O MIPAD, apoiado pelas Nações Unidas, integrou o seu nome ao lado de figuras como a ex-ministra Adjany Costa, a ambientalista Cecília Bernardo e o embaixador da Paz na Alemanha João Kanda. Sente-se realizado?

Senti-me honrado e lisonjeado por ter sido nomeado pelo MIPAD na classe de 2020 e a representar Angola com ilustres figuras como o João Kanda, a Adjany Costa e a Cecília Bernardo, que foram finalistas em 2020. Ainda não me sinto realizado, mas estou orgulhoso do caminho que tenho traçado e aos poucos vou me aproximando da realização.
 
O que mudou desde então?

Não mudou muita coisa [risos], tive o prazer de estar na mesma plataforma com políticos, empreendedores e outros jovens de descendência africana que têm impactado o mundo com as suas acções e projectos.

Muitos estudantes africanos depois de formados regressam aos países de origem e não encontram emprego, nem sequer trabalham nas áreas de formação e passam por vicissitudes. Tivemos conhecimento que tem criado fóruns de debate em Angola e não só, que visam encontrar soluções...

Estou envolvido em vários projectos que visam apresentar soluções aos estudantes e ao governo sobre a valorização do capital humano. Concordo que precisamos formar quadros nas melhores universidades do mundo mas também precisamos ter um plano de acompanhamento pós-formação deste quadros, porque até ao momento não há nada concreto e exequível. O governo investe milhões na formação de quadros em Angola e na diáspora mas depois não faz acompanhamento dos mesmos, por isso é urgente que se criem políticas que promovam o acesso ao primeiro emprego aos recém-formados e de preferência dentro de um programa nacional de estágios.
 
Tivemos conhecimento que largou um emprego promissor na Rússia numa das maiores petroquímicas daquele país para regressar a Angola. O que o motivou a tomar esta decisão?

Largar um emprego na Rússia na minha área de formação foi uma decisão difícil, mas era um risco que estava disposto a correr e sabia das dificuldades que encontraria ao regressar para Angola. Acreditava que seria uma mais valia em Angola, atendendo às habilidades e experiências que trazia. Sentia que seria útil para os projectos de refinaria e petroquímica que o país está a implementar e isso contou muito na minha decisão de regressar, mas, infelizmente, as coisas não correram como planeado, então procurei me readaptar ao contexto do país.
 
Mateus Esteita está ligado a vários projectos de orientação académica e profissional. Desde a docência, comunicação social até ao empreendedorismo. O que um estudante recém chegado ao país de origem deve fazer imediatamente?

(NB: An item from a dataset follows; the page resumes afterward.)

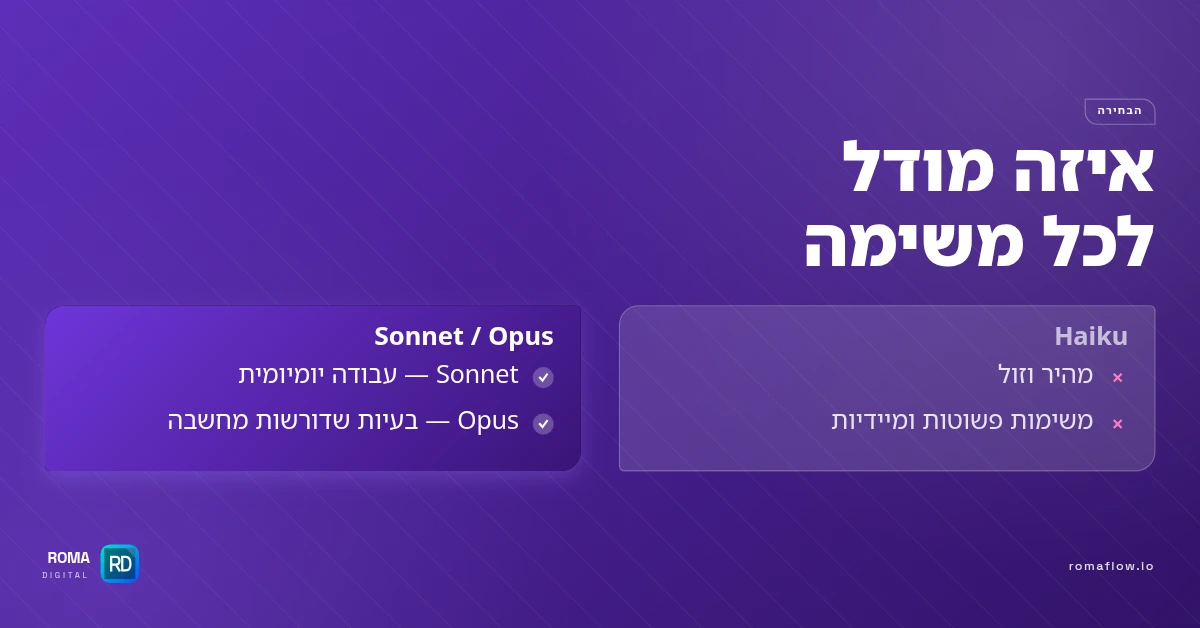 איך בוחרים בין הדגמים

Não existe uma dica mágica para estes casos, atendendo a realidade social de cada estudante. O que tenho passado aos estudantes e não só, é que devem se posicionar no mercado como uma marca e que as empresas não estão interessadas no seu diploma mas sim nas suas habilidades e na capacidade de dar respostas, é isso que os empresários procuram nos recém formados.
 
Quais são as suas áreas de investimentos no domínio do empreendedorismo?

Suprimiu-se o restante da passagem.